Arsip ini menjadi sumber primer yang penting bagi kajian sejarah sekaligus pengingat akan pentingnya menjaga jejak dokumentasi sejarah yang semakin langka.
Lebih dari sekadar ruang arsip, pameran ini diinisiasi sebagai ruang perjumpaan lintas disiplin, melibatkan akademisi, pegiat sejarah, seniman, jurnalis, dan komunitas budaya.
Pendekatan ini diharapkan memperkaya cara pandang terhadap sejarah kota Semarang dan menunjukkan bahwa ingatan sejarah merupakan hasil kolaborasi berbagai pihak.
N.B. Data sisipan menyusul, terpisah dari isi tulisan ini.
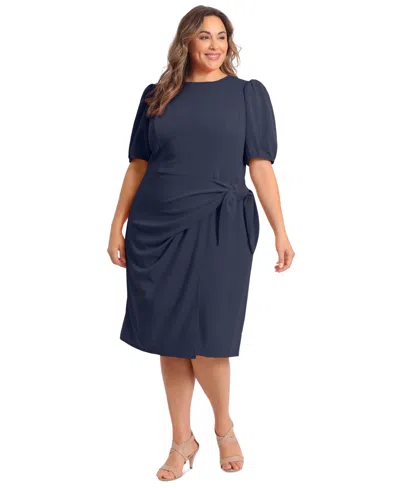 London Times Plus Size Puff-sleeve Tie-waist Dress In Navy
“Pameran ini adalah upaya untuk menjaga api kesadaran sejarah agar tetap menyala. Sebab bangsa yang melupakan sejarahnya, bukan hanya kehilangan jalan pulang ke masa lalu, tetapi juga kehilangan arah berangkat ke masa depan,” ungkap Kesit Widjanarko dan Mozes Christian Budiono, tim kuratorial Rumah PoHan, belum lama ini.
Selama pameran berlangsung, publik dapat mengikuti berbagai kegiatan pendukung seperti kelas terbuka sejarah, tur kuratorial, pemutaran film, diskusi arsip, lokakarya batik, serta pertunjukan musik yang merespons tema Pertempuran Lima Hari di Semarang.